This movie shows the complete sequence of rotations from which the five in
the "*z*-Cubed Necklace" were taken. Notice that the projection into two
dimensions maintains the four-fold symmetry throughout as the image moves
from a disk to a triply covered disk containing a ramification point.

This movie shows the complete sequence of rotations from which the five in
the "*z*-Cubed Necklace" were taken. Here the surface is enclosed in a
bounding hyper-box to make the four-dimensional rotations easier to follow.

This movie shows the same sequence as the previous movie, but from a
different viewpoint in space, one where the symmetry is less
apparent. The rotation in four-space is a composition of two rotations,
one in the *xw*-plane and one in the *yz*-plane. These can be
seen in this movie as the "sliding box" rotation in the hypercube (due
to the *xw* rotation) and a rotation in three-space (from the
*yz* rotation).

The five views in "*z*-Cubed Necklace" are projections of the
complex cubing function into three-space. We can get a better idea of
the shape of the projection by looking at a sequence of
three-dimensional images. Here we see the first projection as a
three-dimensional object. From above it looks like a disk, but it is
actually a monkey saddle (the real part of the cube).

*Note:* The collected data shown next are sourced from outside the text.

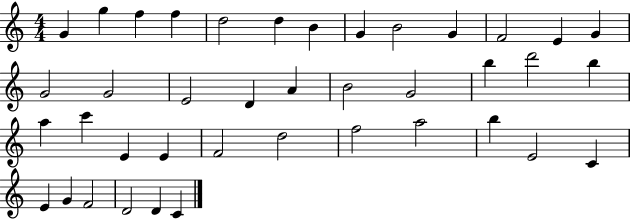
{
  \clef treble
  \numericTimeSignature
  \time 4/4
  \key c \major
  g'4 g''4 f''4 f''4 | d''2 d''4 b'4 | g'4 b'2 g'4 | f'2 e'4 g'4 | \break g'2 g'2 | e'2 d'4 a'4 | b'2 g'2 | b''4 d'''2 b''4 | \break a''4 c'''4 e'4 e'4 | f'2 d''2 | f''2 a''2 | b''4 e'2 c'4 | \break e'4 g'4 f'2 | d'2 d'4 c'4 | \bar "|."
} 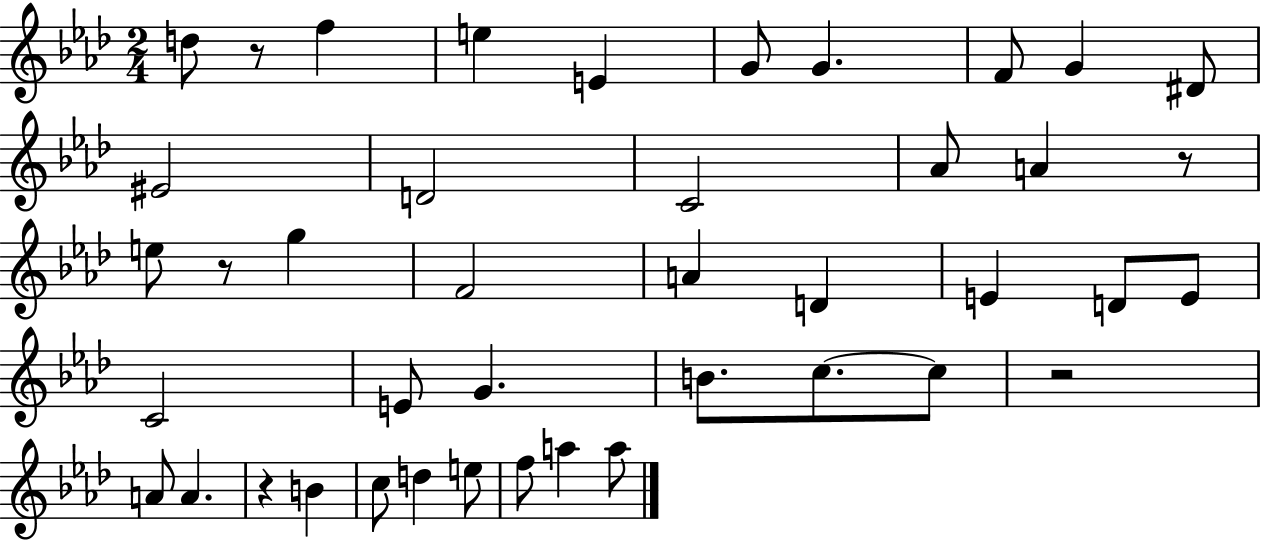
X:1
T:Untitled
M:2/4
L:1/4
K:Ab
d/2 z/2 f e E G/2 G F/2 G ^D/2 ^E2 D2 C2 _A/2 A z/2 e/2 z/2 g F2 A D E D/2 E/2 C2 E/2 G B/2 c/2 c/2 z2 A/2 A z B c/2 d e/2 f/2 a a/2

This movie shows the second projection from "*z*-Cubed Necklace"
rotating in three-space. Opposite ends of the saddle are beginning to
squeeze shut as other parts expand.

This is the third projection of the complex squaring function, projected into three-space, then rotated in space. In this projection, the surface has begin to intersect itself.

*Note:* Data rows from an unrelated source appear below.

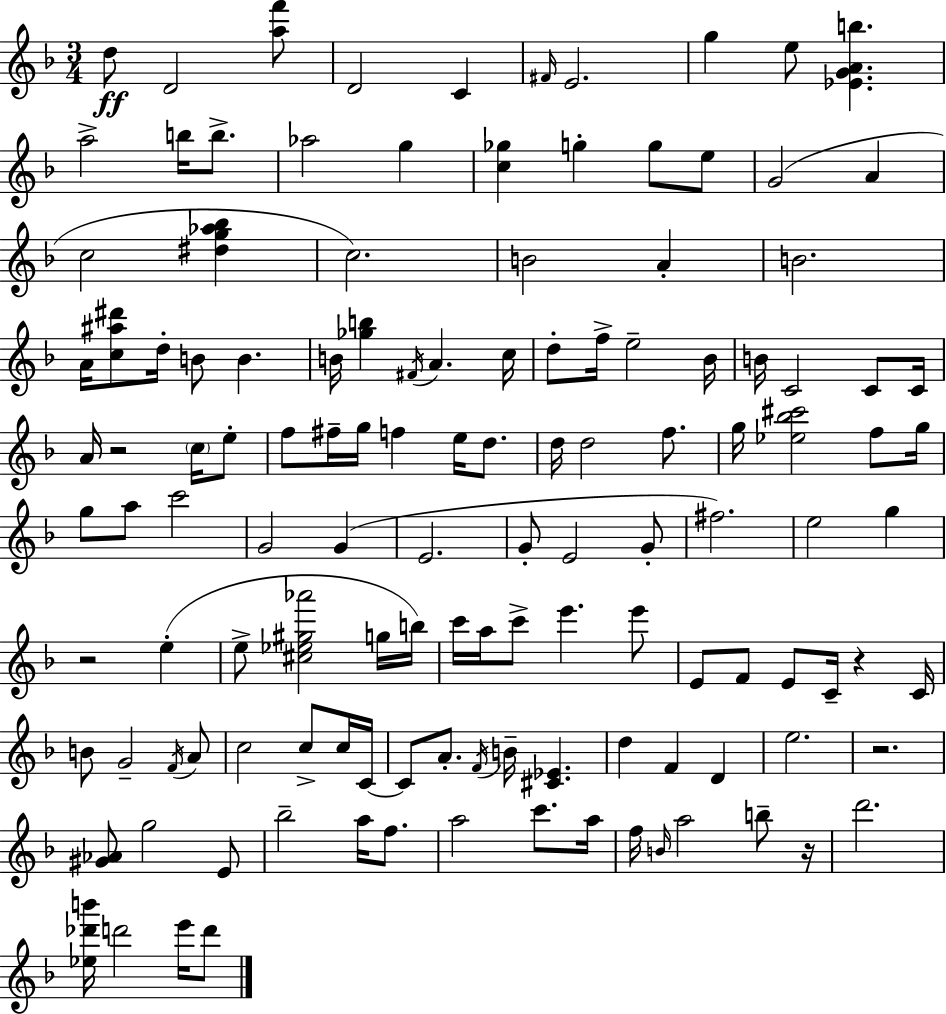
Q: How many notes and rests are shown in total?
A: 128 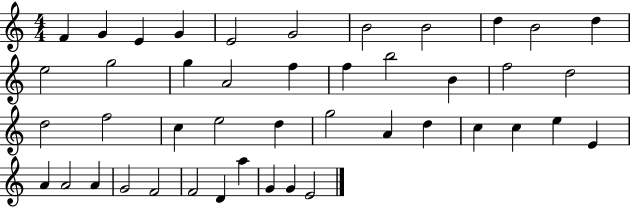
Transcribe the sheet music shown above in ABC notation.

X:1
T:Untitled
M:4/4
L:1/4
K:C
F G E G E2 G2 B2 B2 d B2 d e2 g2 g A2 f f b2 B f2 d2 d2 f2 c e2 d g2 A d c c e E A A2 A G2 F2 F2 D a G G E2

This fourth projection of the cubing function shows the surface as it continues to pass through itself, rotated in three-space.

This final movie shows the last view of the surface, which we can think of as the graph of the imaginary part of the inverse of the cube (i.e., the complex cubed root). Here, the ramification point appears as a pinch point on the surface, at the origin. The self-intersection appears as a cubic curve on the surface.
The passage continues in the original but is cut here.